What the exercise asks: When you reach the line with "Art Deco Diamond" in the records below, begin transcribing exactly and continue up to and including the line with "Согласно теории электромагнитного", leaving out every picture.

Input material:
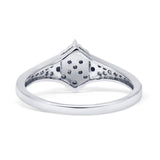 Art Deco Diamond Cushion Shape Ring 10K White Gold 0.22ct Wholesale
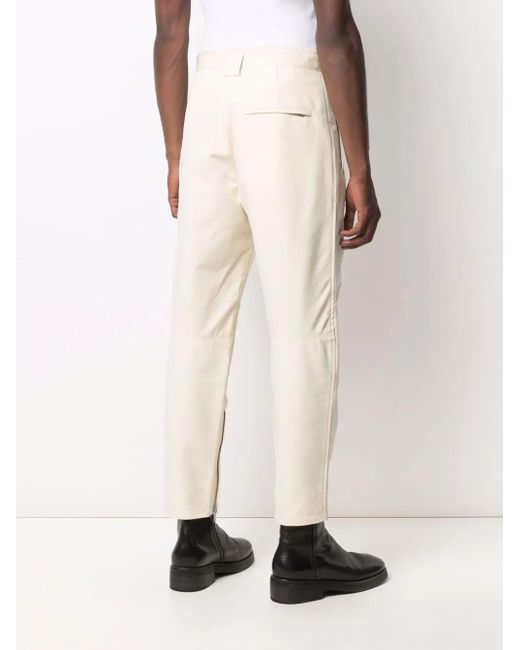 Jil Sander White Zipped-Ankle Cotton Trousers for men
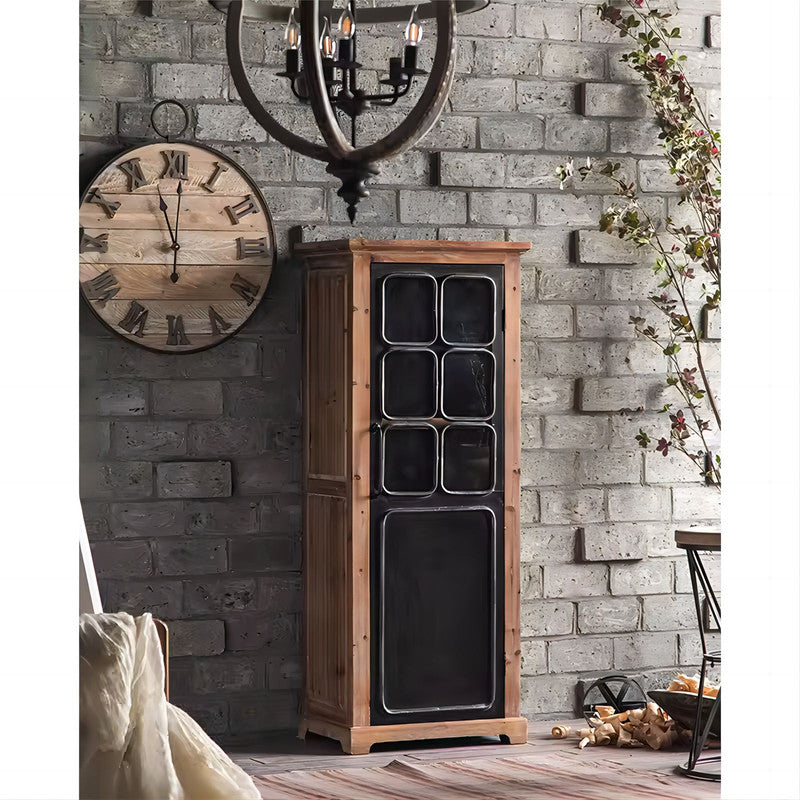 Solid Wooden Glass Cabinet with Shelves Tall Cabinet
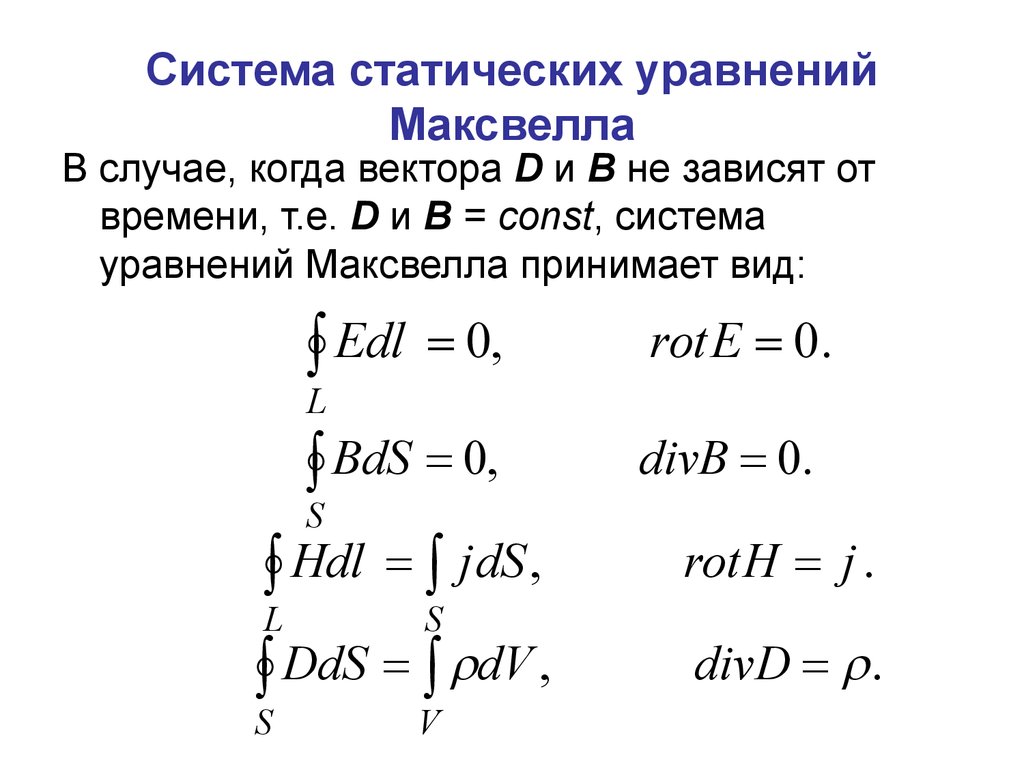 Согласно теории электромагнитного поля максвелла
---
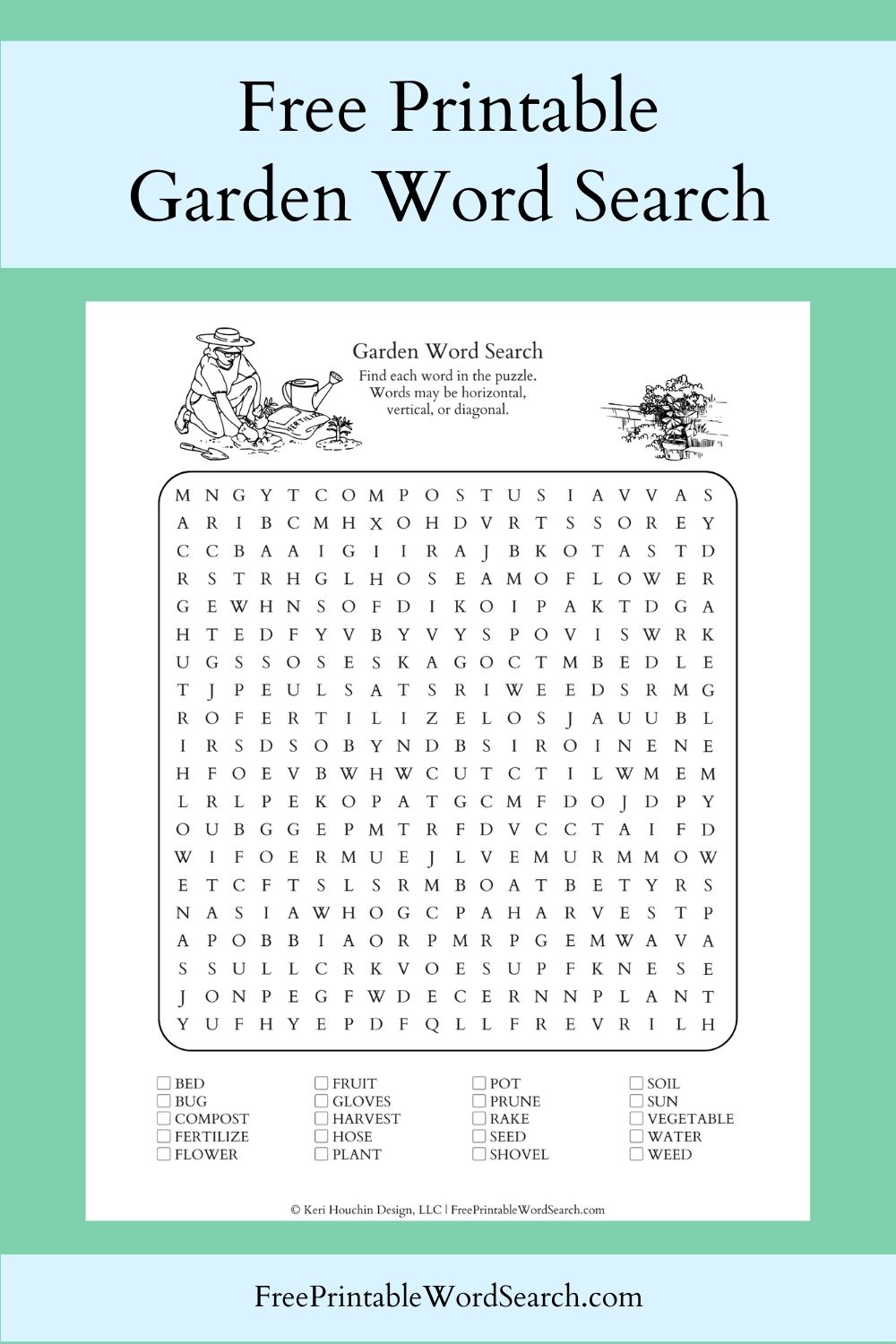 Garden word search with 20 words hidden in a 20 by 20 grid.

Task solution:
 Art Deco Diamond Cushion Shape Ring 10K White Gold 0.22ct Wholesale
 Jil Sander White Zipped-Ankle Cotton Trousers for men
 Solid Wooden Glass Cabinet with Shelves Tall Cabinet
 Согласно теории электромагнитного поля максвелла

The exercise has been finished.